THE DATA |
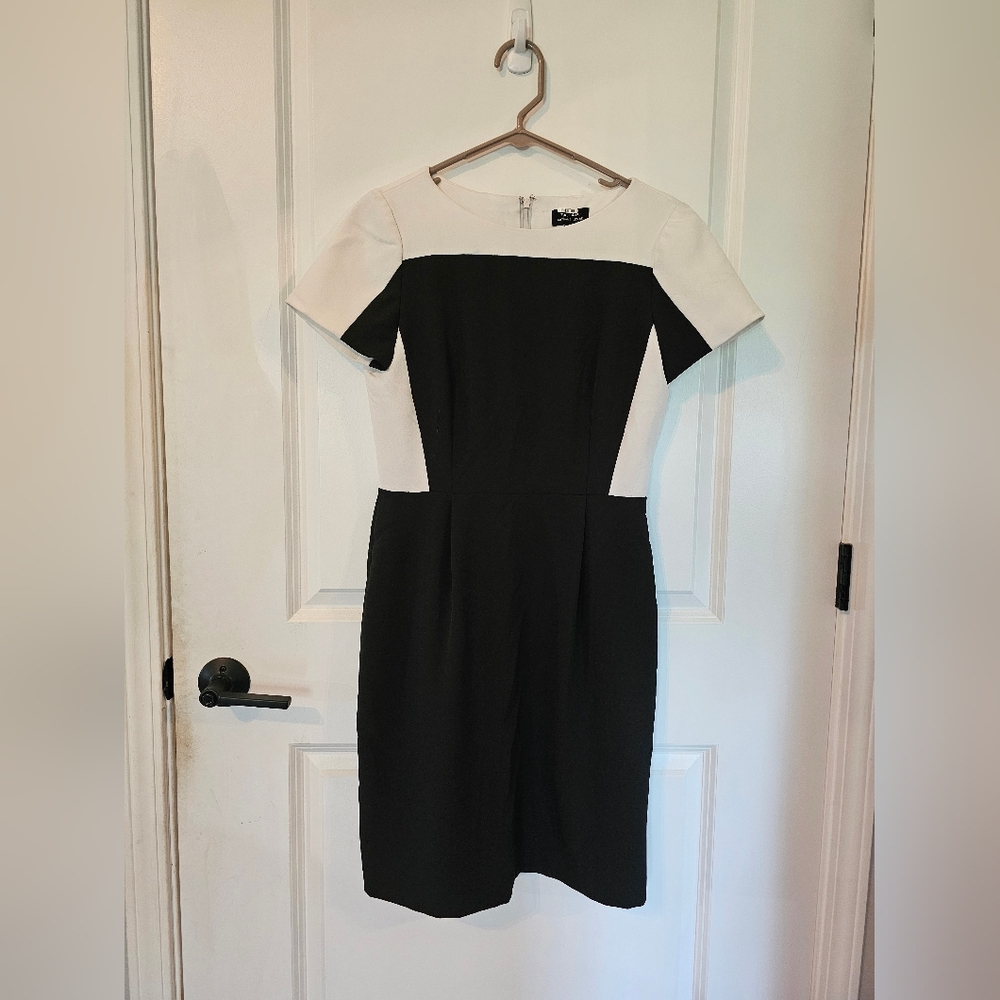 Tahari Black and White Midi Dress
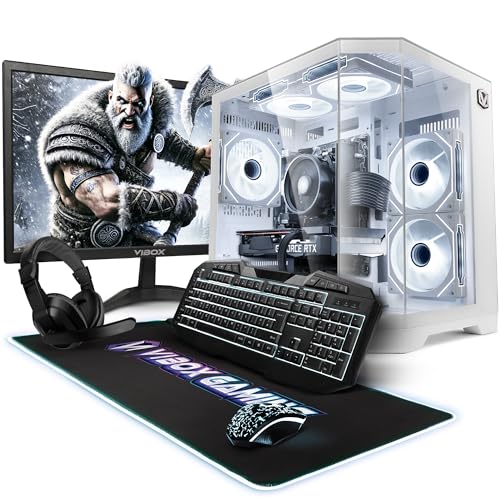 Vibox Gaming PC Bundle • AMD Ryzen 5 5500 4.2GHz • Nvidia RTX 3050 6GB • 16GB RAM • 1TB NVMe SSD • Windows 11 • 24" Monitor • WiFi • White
---
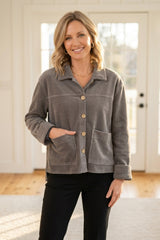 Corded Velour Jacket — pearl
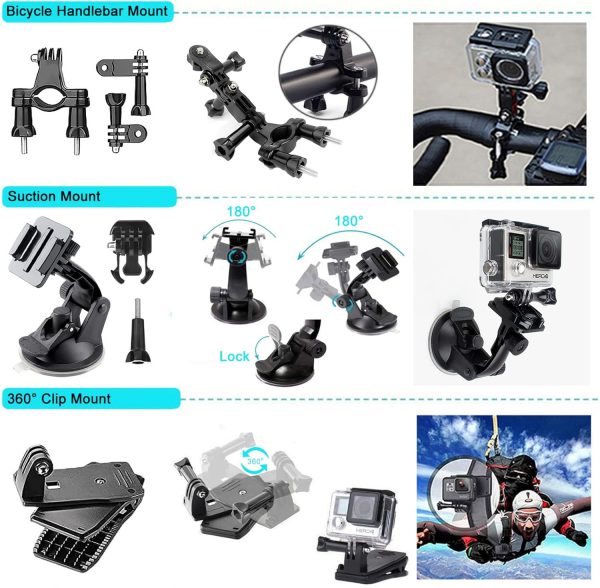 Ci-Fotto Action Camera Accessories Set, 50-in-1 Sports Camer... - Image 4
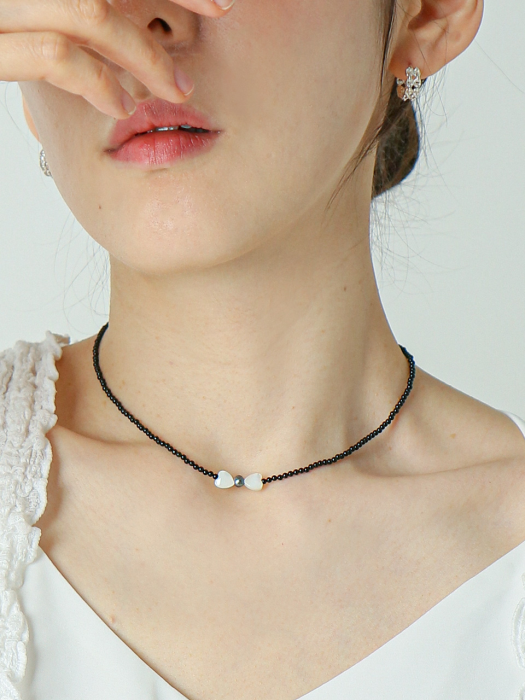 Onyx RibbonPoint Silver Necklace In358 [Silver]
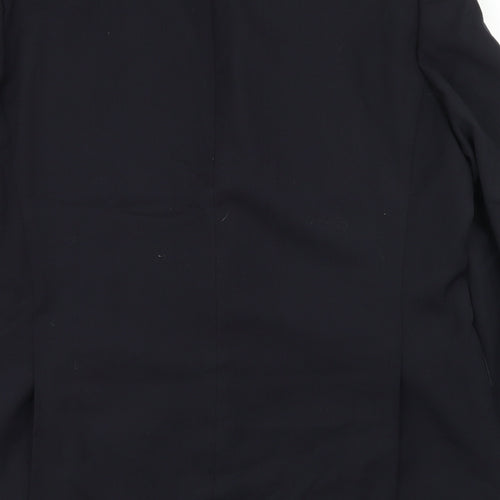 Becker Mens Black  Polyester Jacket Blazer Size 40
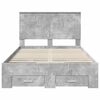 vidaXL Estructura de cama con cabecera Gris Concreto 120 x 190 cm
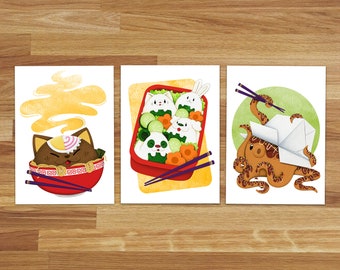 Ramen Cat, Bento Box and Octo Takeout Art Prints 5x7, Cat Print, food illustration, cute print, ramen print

YOUR ASSIGNMENT | Transcribe, word for word, the lines of the listing above from the one that contains "Corded Velour Jacket — pearl" through the one that contains "Ramen Cat, Bento", keeping both ends and dropping the pictures.

SOLUTION |
 Corded Velour Jacket — pearl
 Ci-Fotto Action Camera Accessories Set, 50-in-1 Sports Camer... - Image 4
 Onyx RibbonPoint Silver Necklace In358 [Silver]
 Becker Mens Black  Polyester Jacket Blazer Size 40
 vidaXL Estructura de cama con cabecera Gris Concreto 120 x 190 cm
 Ramen Cat, Bento Box and Octo Takeout Art Prints 5x7, Cat Print, food illustration, cute print, ramen print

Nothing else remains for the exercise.